WHAT YOU HAVE TO DO: Your copy of the entries below should hold exactly the lines from the one containing "旋耕机 水田打浆机 收割机防泥水旋转组合油封MC50" to the one containing "投资公司章程范本.docx", inclusive, and no pictures.

DATA:
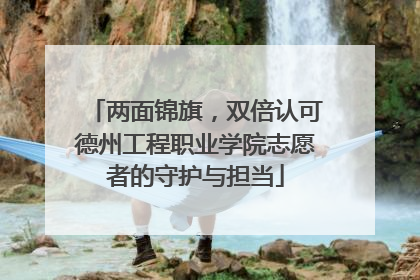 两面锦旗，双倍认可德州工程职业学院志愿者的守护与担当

--

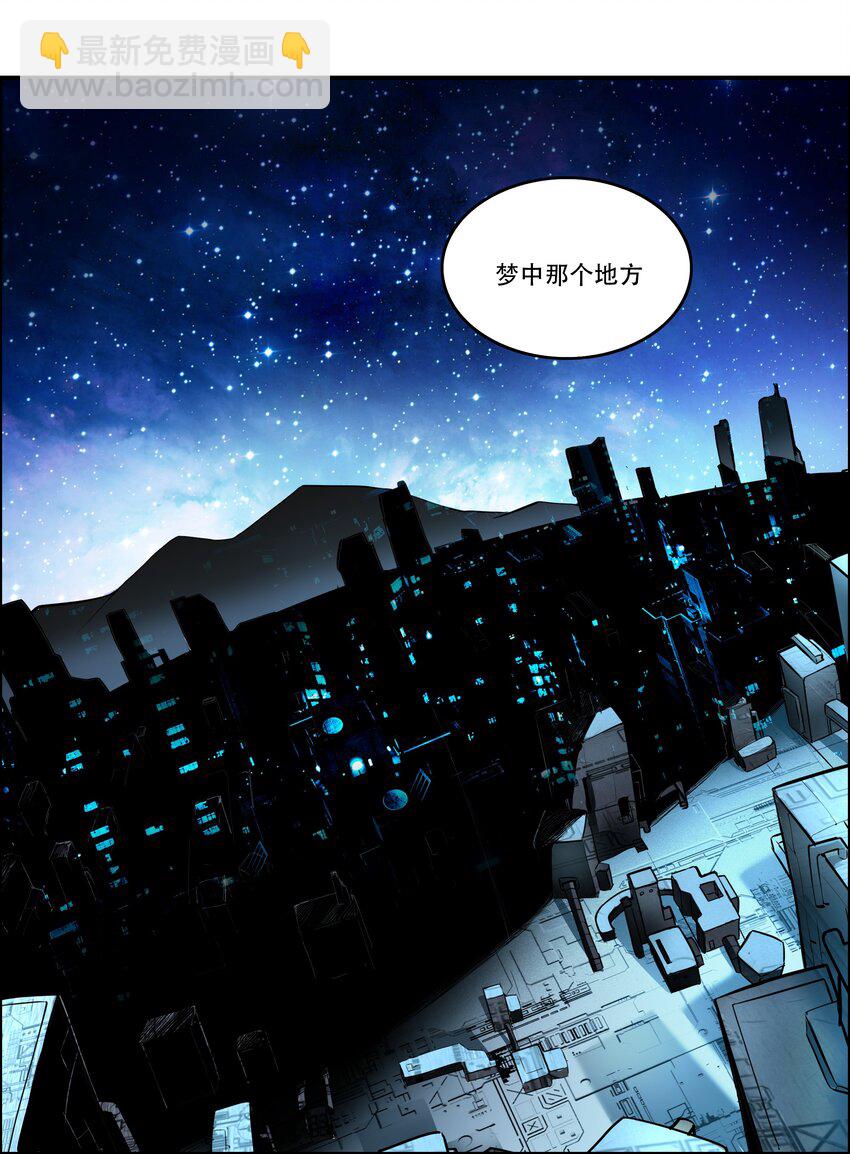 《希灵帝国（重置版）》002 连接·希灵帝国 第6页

...

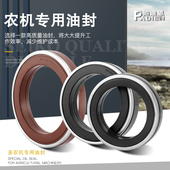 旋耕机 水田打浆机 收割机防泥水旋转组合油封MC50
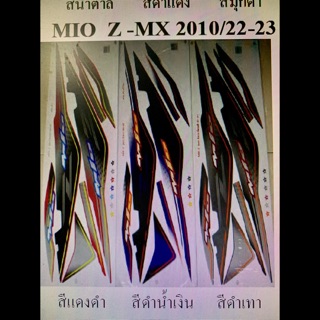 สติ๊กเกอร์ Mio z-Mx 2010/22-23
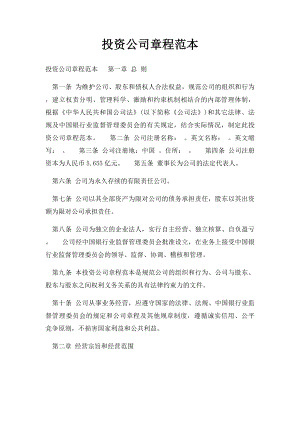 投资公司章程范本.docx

RESULT OF THIS EXERCISE:
 旋耕机 水田打浆机 收割机防泥水旋转组合油封MC50
 สติ๊กเกอร์ Mio z-Mx 2010/22-23
 投资公司章程范本.docx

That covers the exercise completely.